I watched for about 20 minutes (Who is the real weirdo in this scenario?) and almost nothing happened. The player playing the cop received three calls in the 20 minutes I watched, and two of the calls were resolved before he even got to the location. The one call he received that he had to resolve himself was a burglar alarm call. It turned out that an elderly civilian (the cop’s word) set off his own alarm when he forgot his alarm code. There was no crime. No shooting. No arrests. Oh, and the elderly civilian. He was played by a real person too.

These role players routinely inhabit their characters for hours at a time, almost like they are working an actual shift. One guy I was watching was talking about his plans to “work a double shift” of 16 hours this weekend. These people are really committed to their role playing lifestyles.

I spoke to my son about what I had witnessed, and he was familiar with the phenomenon. There are apparently entire communities of like-minded role players who not only take on the roles of cops, dispatchers, civilians, criminals, etc., but they also create their own software and apps to go along with the game.

I want to put a little finer point on this idea of creating add-on software and apps for GTA5. The cop I was watching had a cop car, sirens and lights, police radio system, in-car radar, and supplies in his trunk (including Clorex wipes) that are not part of GTA5. They had to be created by some interested third-party. Like I said, there’s an entire community, including coders and graphic designers, who make this role playing possible.

Discovering this world of role players opened my eyes, yet again, to the fact that, no matter how worldly I think I am, I really live a fairly narrow, naïve life. There is so much going on in the world right now that I I’m completely unaware of.

When I was younger, I believed the everyone was generally good. I thought that the troubled, evil people I saw on TV were just the figment of some writer’s imagination. I didn’t think that these types of people actually existed in the real world. Even as I got older, I still didn’t fully comprehend how different the world could be from what I saw with my own two eyes.

Once, in a fiction writing workshop in grad school, we read the book Once Upon a River by Bonnie Jo Campbell. I thought the book was terrific. In the workshop, I admitted that I liked it very much, but that I had a problem with part of the storyline. In the book, the protagonist, a 15-year old female runaway, sleeps with every adult male who crosses her path, with the exception of an 80-year old gay man. My problem, I explained, was that I didn’t believe that so many adult males would have such low morals as to have sex with a 15-year old.

My professor and several classmates looked at me with a combination of confusion and derision.
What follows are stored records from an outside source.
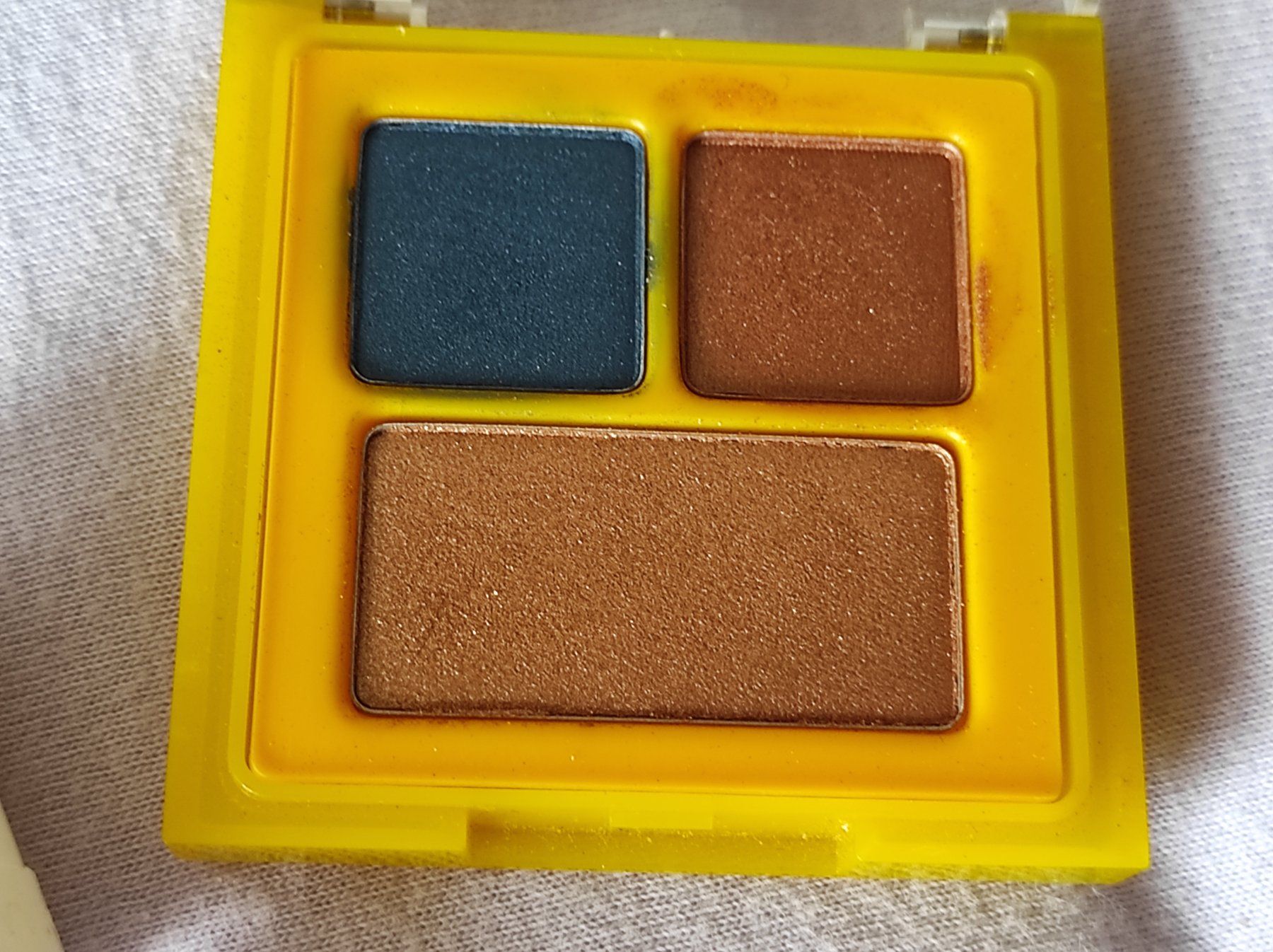 Yves Rocher Make-up: Set Maquillage d Yves Rocher – Nuovo (secondo la descrizione) da Renens VD venduto da cla_7zv5 4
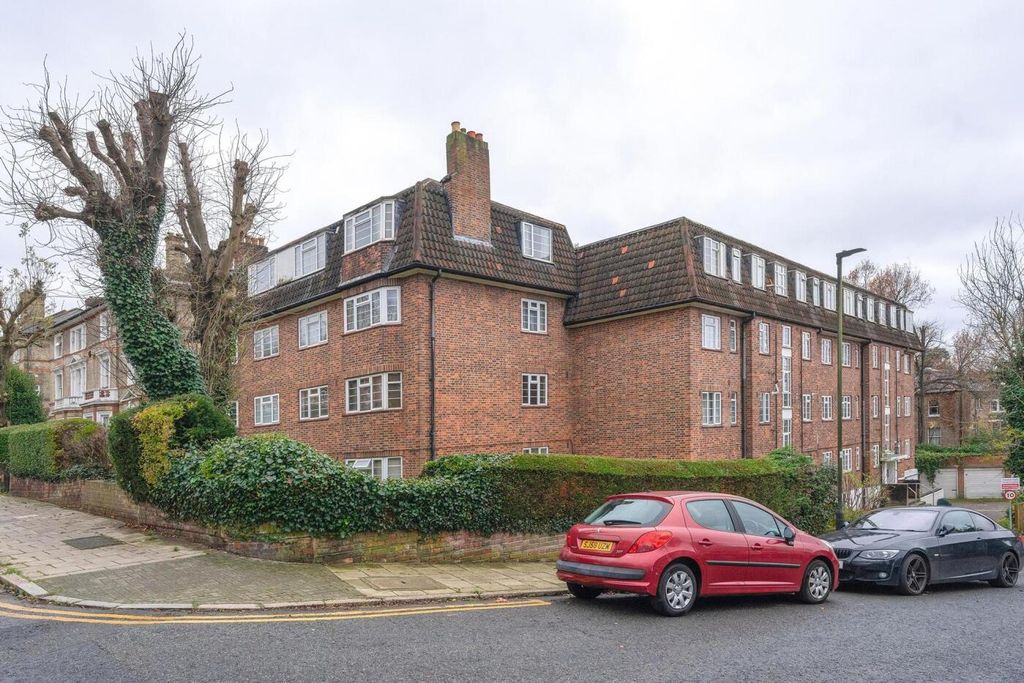 Property photo 1 of 18 Picture No. 04
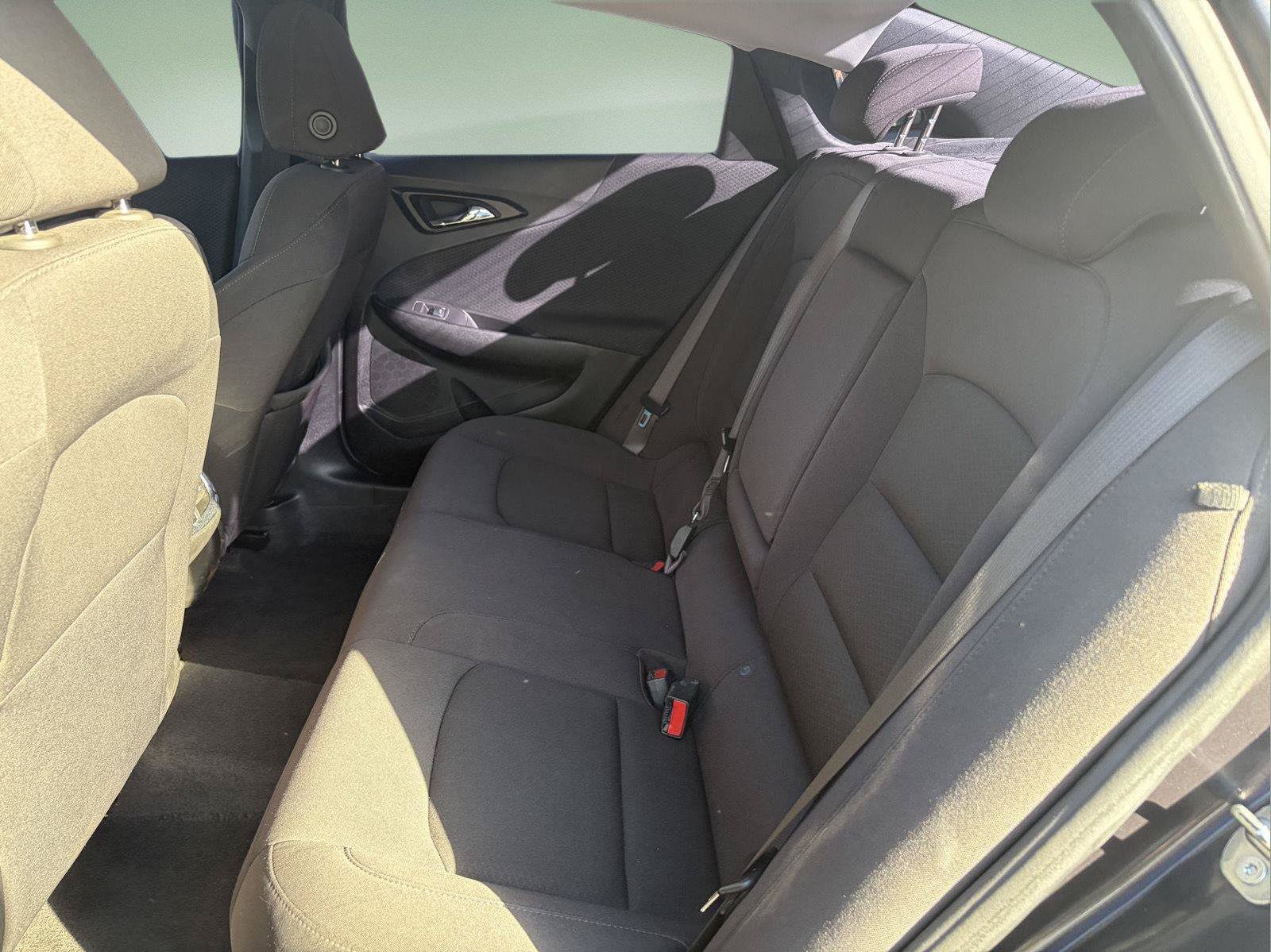Used 2023 Chevrolet Malibu LT FWD image 16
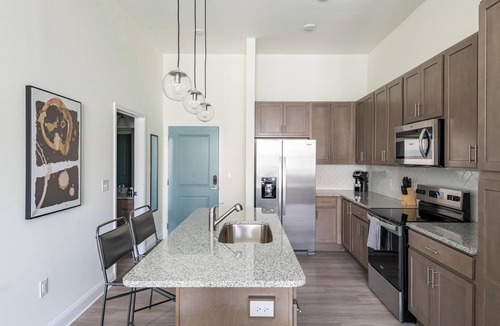 Wilmington Apartment | Landing | Chic 1BD, Gym, Clubhouse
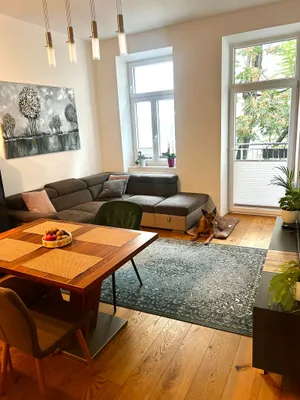 Helle 3-Zimmer-Wohnung am Yppenplatz, provisionfrei & möbliert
I don’t think they could believe my naivete. To them, the storyline was completely believable. Their lived experience told them that what the young protagonist went through was not only believable, but expected. My experience, on the other hand, told me that adults simply don’t act this way.

I have to admit that in the intervening years, I have come closer to sharing my professor’s and classmates’ opinions. People are not as good as I thought they were. And in particular, adult males are not as good. This saddens me, but it does open my eyes more to the world as it is, rather than the world that I saw while looking through rose-colored glasses. And, although I’m not happy to learn that the world isn’t the generally good place I thought it was, as a writer, it is good to know the truth, or at least as much of the truth as I can.